Legata alla sfida che nasce dall’esterno, ce n’è un’altra. Perché le OMI non soltanto sopravvivano attraverso una ripetizione dell’esperienza originaria del fondatore del carisma, ma continuino a svilupparsi, generando nel tempo frutti che esprimano il carisma originario, è richiesto sia di abitare attivamente la propria caducità, sia di far fronte alle sfide attraverso una nuova creatività e originalità, senza confondere «il nucleo immutabile dell’ispirazione originaria con la forma organizzativa e storica che esso ha assunto nelle fasi della fondazione» (p. 52). Infatti, «la saggezza di governo del fondatore e/o dei suoi primi collaboratori sta nel far sì che le persone creative possano svilupparsi nella loro diversità» (p. 55). Lo sviluppo progressivo di un carisma non causa la perdita della propria identità, ma porta a un fecondo ripensamento e a una sempre nuova incarnazione del dono carismatico originario nell’attualità. Questo significa, come ricorda la teo-logica dell’evento pasquale, che anche «le organizzazioni, come tutta la vita vera, possono vivere più stagioni se muoiono e risorgono molte volte. Ma per imparare a risorgere occorre prima imparare a morire» (p. 58).

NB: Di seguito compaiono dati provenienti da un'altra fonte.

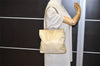 Authentic PRADA Tessuto Basic Nylon Leather Shoulder Bag B11214 Beige 4501J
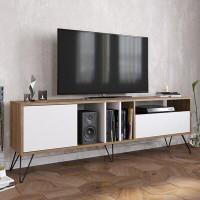 George Oliver Jhosmar TV Stand for TVs up to 78"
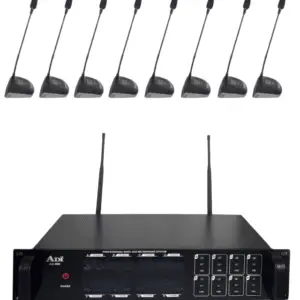 ADI AD-800 8 CHANNEL WIRELESS CONFERENCE MICROPHONE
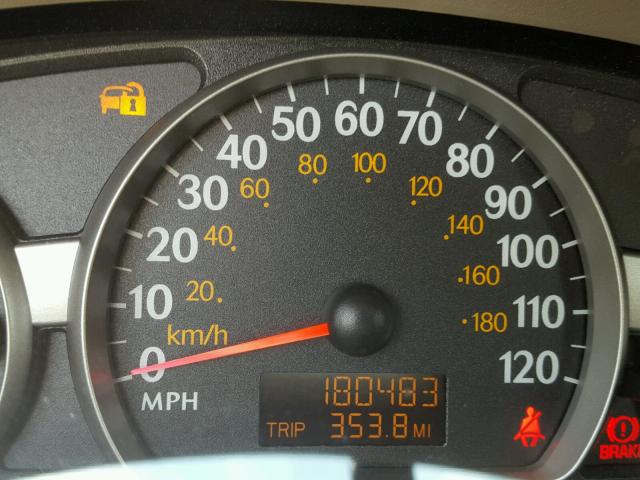 1G8AZ54F84Z178269 - 2004 SATURN ION LEVEL 黑色 照片 8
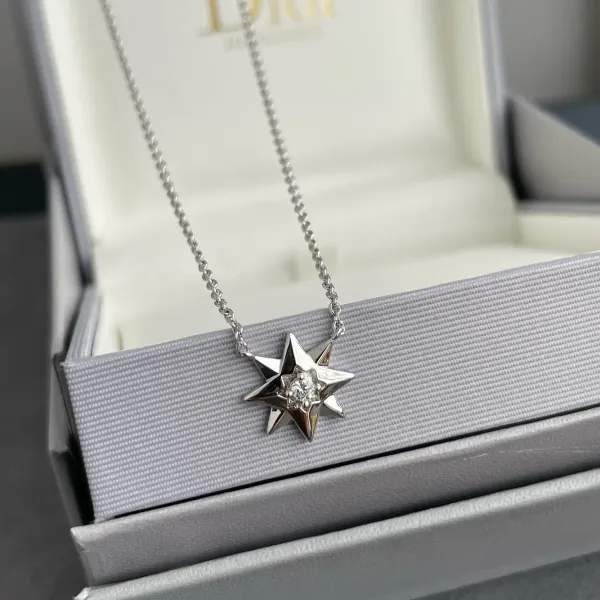 【2026】【DIOR】ネックレス、新しいネックレス万能シンプルファッションオーナメント240812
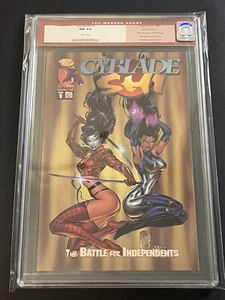 Cyblade/Shi #1 Edición Especial (Imagen - 1a aplicación Witchblade - CGC 9.4 Red Label Difícil de encontrar - Imagen 1 de 3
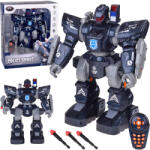 Inlea4Fun RC Távirnáyítós interaktív rendőrségi robot Inlea4Fun POLICE ROBOT (JO-RC0731)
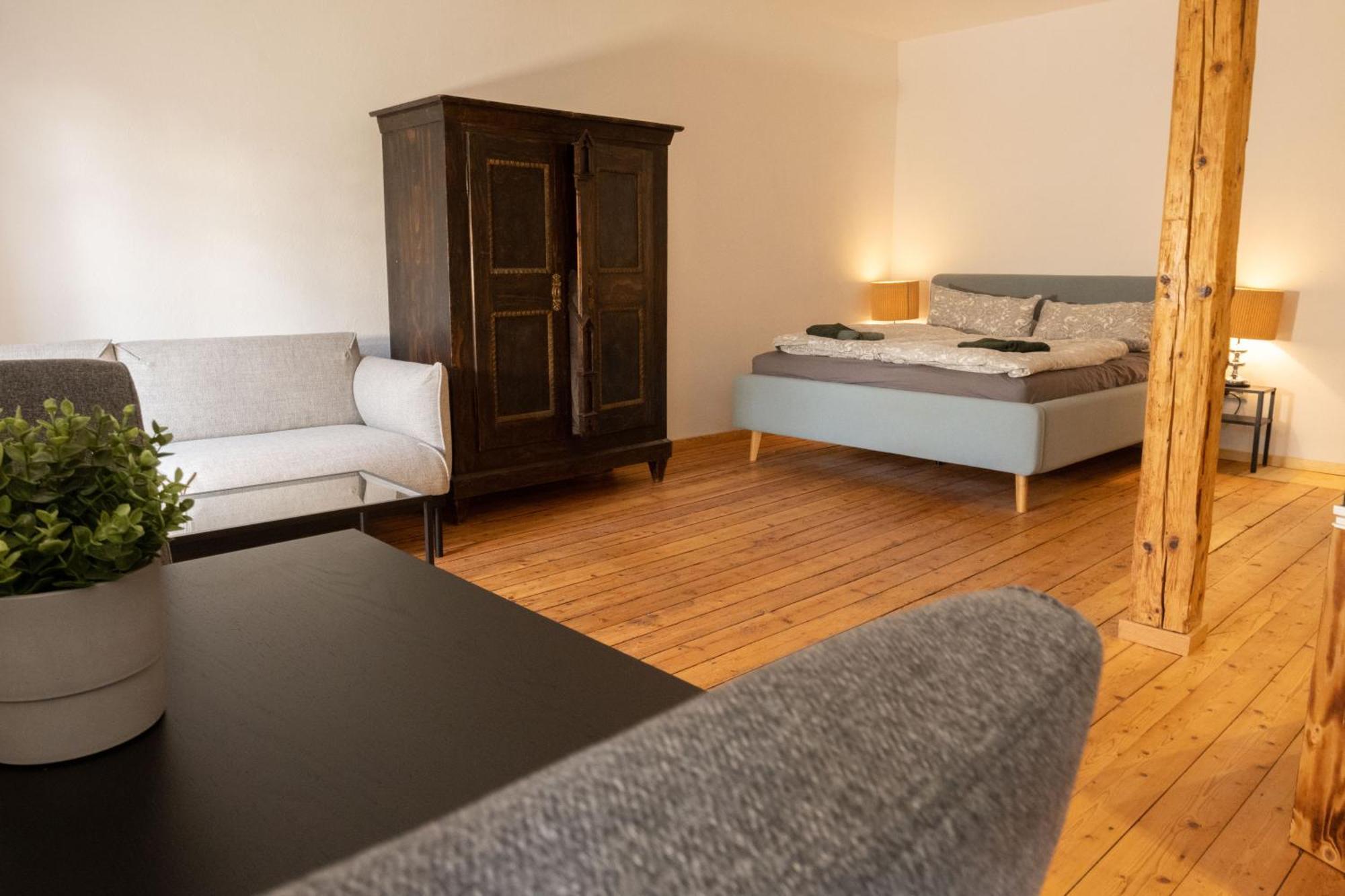 Loft Apartment Mit Grosser Badewanne B Mugeln Esterno foto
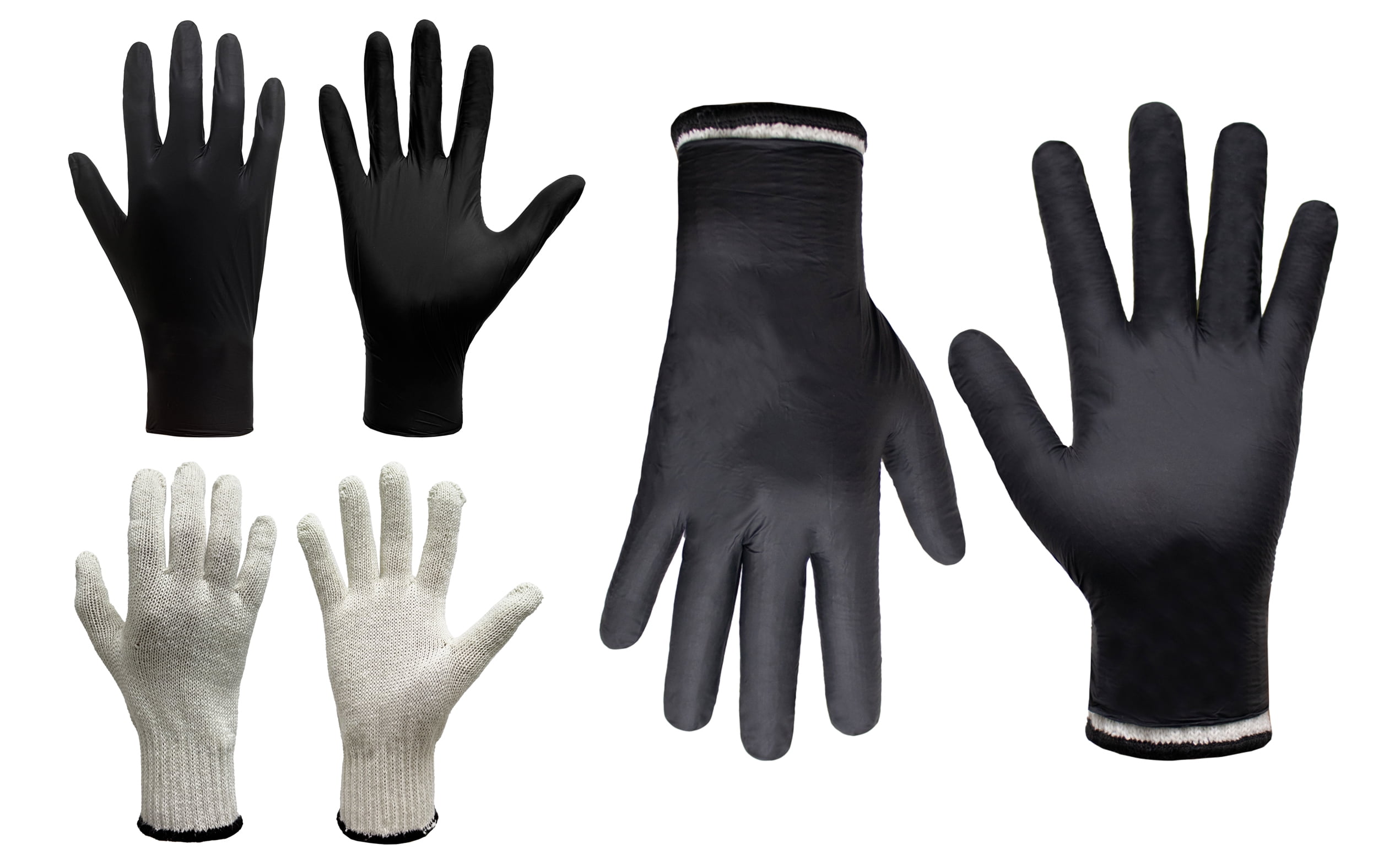 50PK NITRILE+2 LINER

Per far fronte a questa seconda sfida, coloro che gestiscono le realtà carismatiche sono chiamati a «creare, ritirandosi, spazi di libertà e di creatività che consentano l’emergere di nuove dinamiche e di nuove persone diverse da quelle da esse generate nella prima stagione del carisma» (p. 87). Perché un carisma sia vivo e continui a incidere nella realtà (e il medesimo discorso vale anche per la Tradizione della Chiesa), deve essere costantemente animato non da uno statico richiamo ad assumere una forma passata di esistenza, ma dalla novità che lo raggiunge da davanti, facendo così riaccadere, nel presente, quello stesso dono (sempre nuovo) che era stato già offerto al fondatore.